We have watched two appalling claptrap events this week. It does not seem politically correct, of course, to talk about the awkward and anxious moment in Mathira, when the nation’s psyche was on the burial of Nyeri Governor Nderitu Gachagwa. President Kibaki had an awkward moment with his speech. He got people of conscience worried. And I kept wondering where his speechwriter was, or what he had done with the speech. This was no way to treat Mzee Kibaki. He was let down badly. Yet the notables around him went on clapping amid the awkwardness. The less said the better. Suffice it to say this serves to demonstrate that we are a claptrap nation. We will clap because we think everybody is clapping.

But Nyeri was nothing, compared to Naivasha and Turkana. President Uhuru Kenyatta was in his element, flying off the handle. At a time when everybody thought the injurious matter of the doctors’ strike was coming to an amicable end, the President went into a frightful and unprovoked outburst with threats and innuendo. Without weighing the meaning of the new trajectory in the impasse, the crème de la crème assembled in Naivasha went into a frenzy of laudation.

Elsewhere in Turkana, an angry President told the people to keep their votes if they thought they could “blackmail him” with the votes. Their sin was to question the agenda of his government in Turkana. The dignitaries with the President thought this merited a huge round of applause. Others have gone on to justify this in public space. Such are the people referred to in social science as “useful idiots,” justifying the unjustifiable. We see such things all the time. The doctors’ strike has been handled poorly from the outset. An arrogant government and a rigid union have stuck on to their puerile egos. Such is the reward of having untested and unproven youth in government and in the unions. They lack the temperament to deal with heavy issues.

When they say “the government,” it is not difficult to imagine what they mean. It cannot be the paper tigers that have been meeting with the health union officials. These “tigers” have no mandate to conclude anything with anybody. They have only wasted everybody’s time, knowing very well that they could not close any deal with the doctors, without express permission from the very top. Kenyans have been treated to a futile charade from the Executive. You expect that everyone knows this. Yet we pretend not to.

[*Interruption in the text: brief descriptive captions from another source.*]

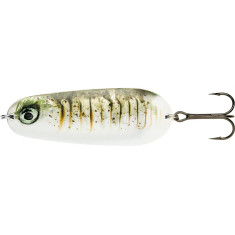 Spinner Rapala Nauvo 66mm 19.0g #STB
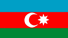 Azerbaijan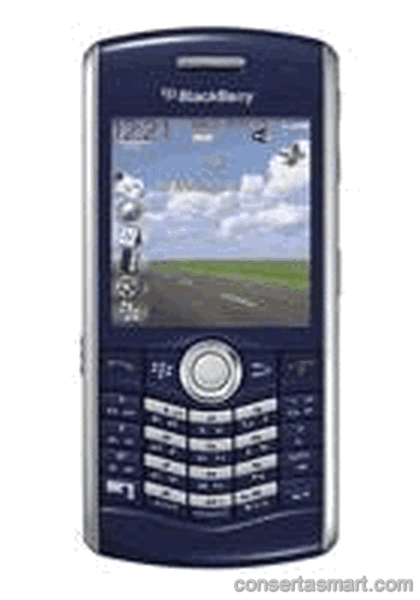 rim-blackberry-pearl-8120
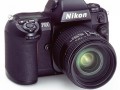 尼康d900镜头,尼康d900相机 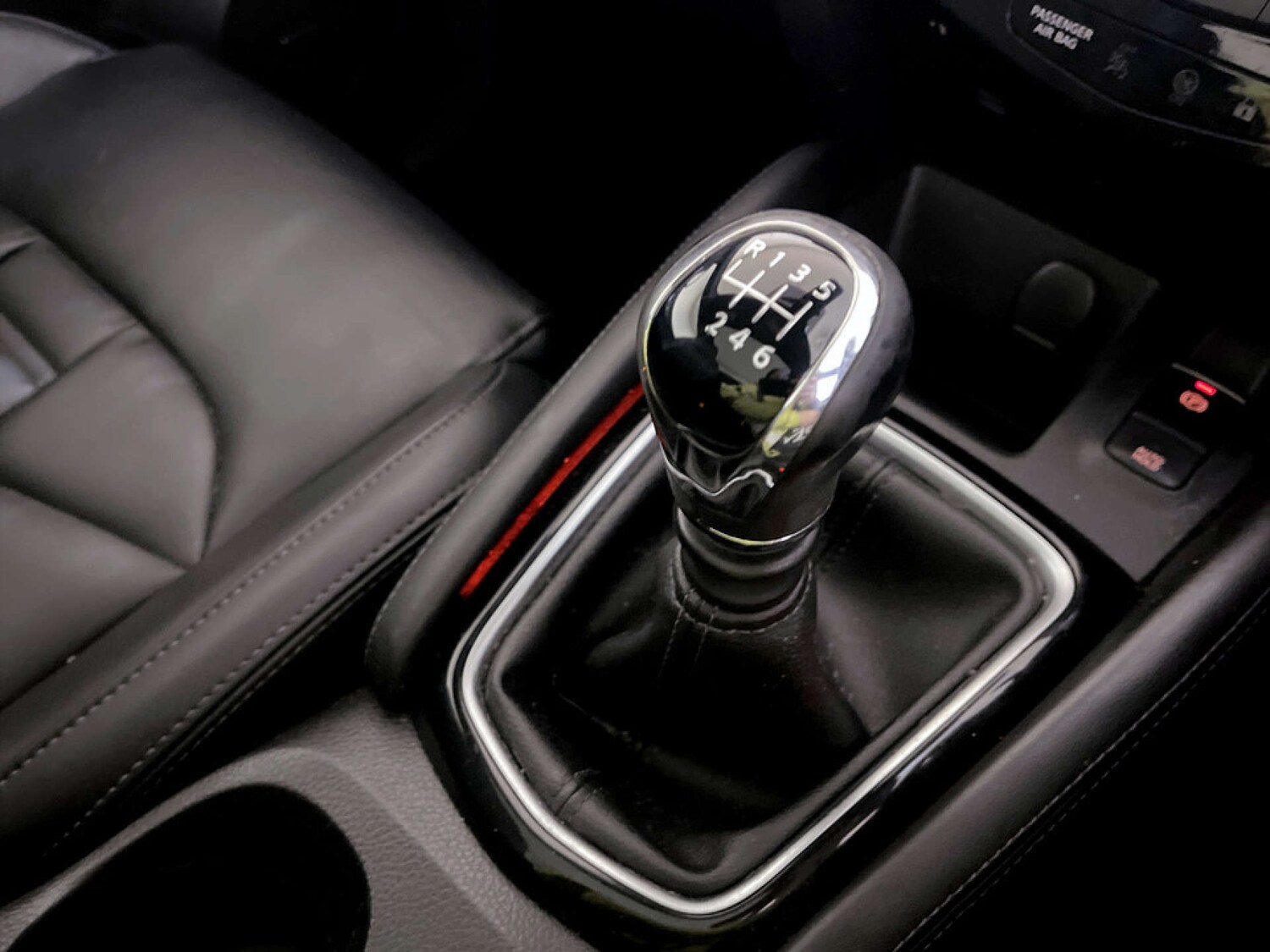 Used Nissan Qashqai 2019 for sale - 77664945: Photo 18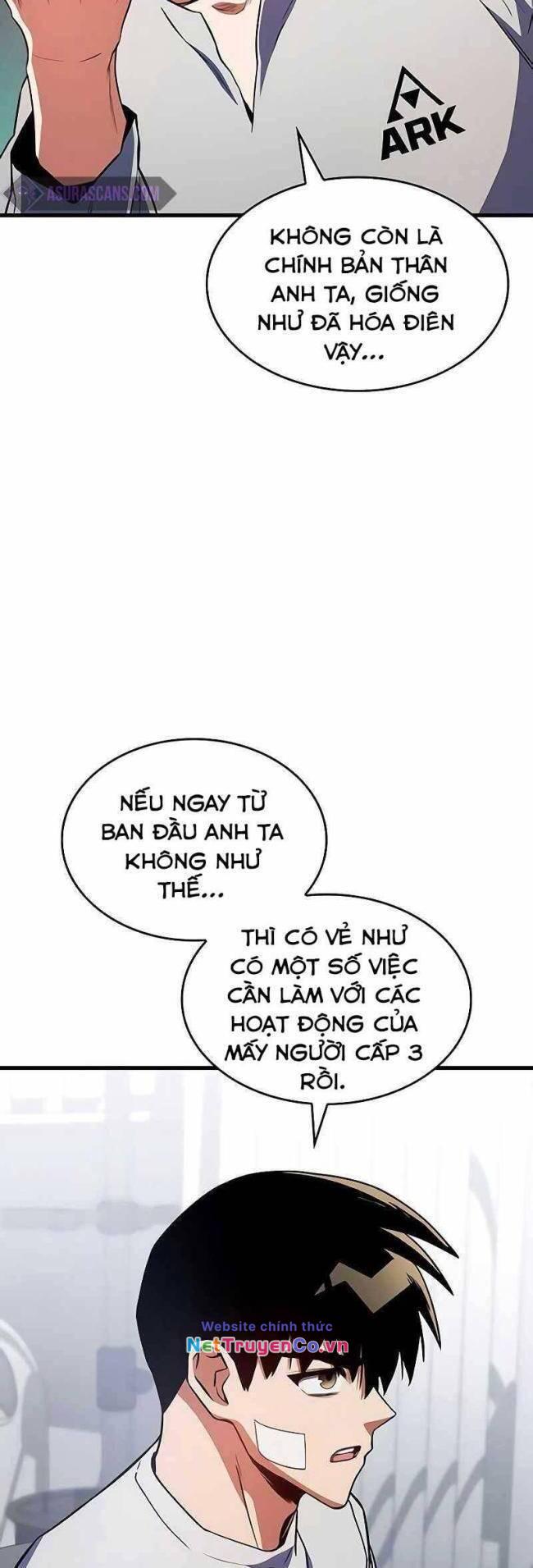 Trang 57
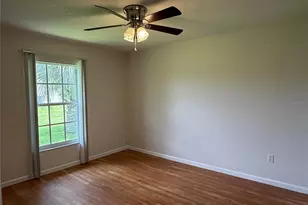 5 Hickory Loop, Ocala, FL 34472 - Photo 20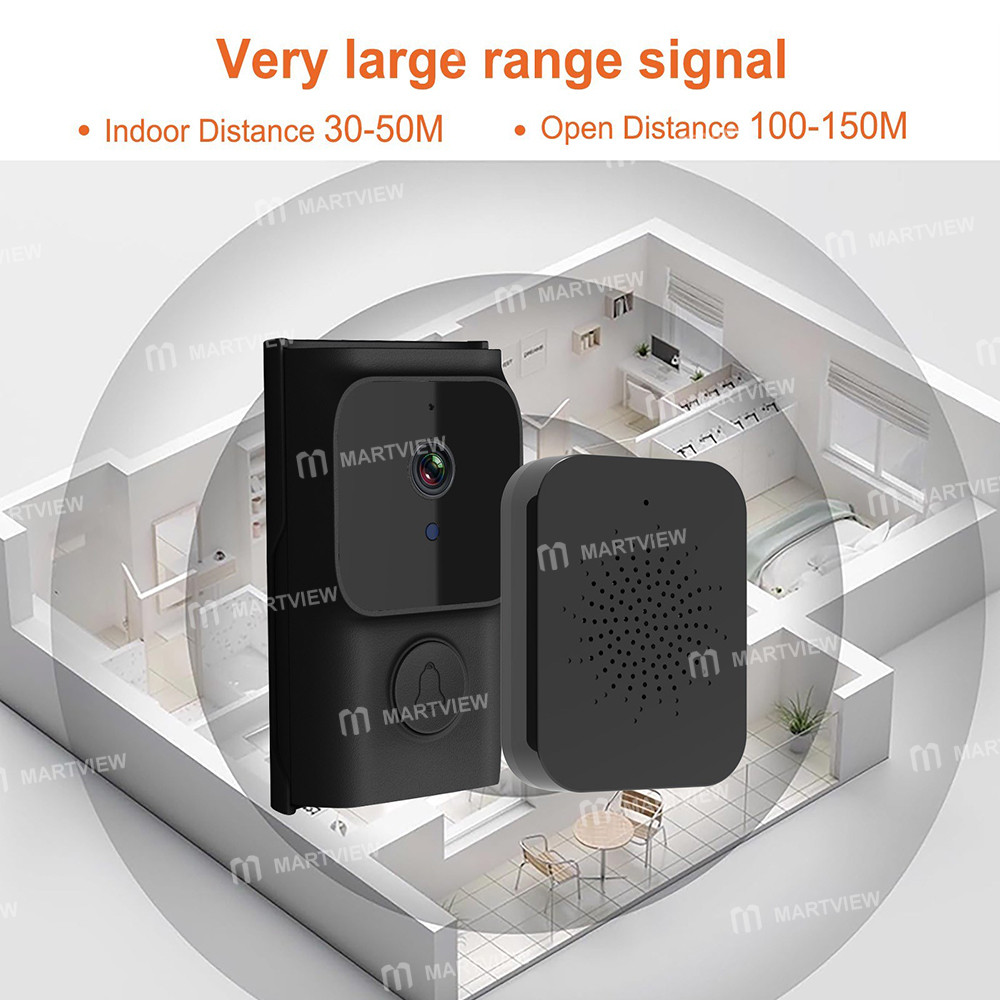 wifi smart-doorbell-ring-door-camera-5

Either we are plain dishonest, or we have cold porridge where brains should sit. We have surrendered our intellect to priests of power and gods of instant gratification.

Because of the immediate benefits that we hanker for from those who exercise power, we close our eyes to reality. We shy away from speaking the truth to power. We wait, instead, to clap when the President goes off the handle with ultimatums that are doomed to fail. The intellectual population around power has allowed itself to be part of a massive great unwashed. It has sunk into a mob of plebs who genuinely believe the government has been negotiating with the doctors. What then is the worth of the education we have had? The great scholar will be writing in the press and speaking on TV and radio, praising the President for “telling off the doctors.”

This intellectual is merely a mouth that utters and a hand that writes whatever is demanded of it. If he has any concern, it is limited to finding out what is desired of the mouth to say and the hand to write. This is why the strike has gone on for three months now. University dons, for their part, are in the second month of a strike. This seems normal in our country. Those who should advise the President are meanwhile waiting to read his lips and echo them, to clap wildly and laugh uproariously.

In the end, we are victims of the culture of official claptrap and dead psyche. Even when it is so obvious that the situation does not merit a celebration of any kind whatsoever, we outdo ourselves. Rational thinking is too dangerous for us. We have, therefore, refused to think. Orwell says of us, “The mind should develop a blind spot whenever a dangerous thought presents itself. The process should be automatic, instinctive. Crimestop, they called it.” The intellectuals around power have therefore consciously surrendered the power of intellectual effort to an instinctive mental block.

Intellectuals have won the victory over themselves and are comfortable in a zombie role, flowing with the crowd. Martin Luther King would say in the essay Rediscovering Lost Values, “Most people can’t stand up for their convictions, because the majority of the people might not be doing it.

Everybody is not doing it, so it must be wrong. And since everybody is doing it, it must be right . . . We have adopted a sort of relativistic ethic.” Orwell caps it, “Sanity was statistical. It was merely a question of thinking as they (everybody else) thought.” If you want to hide the truth, hide it from yourself.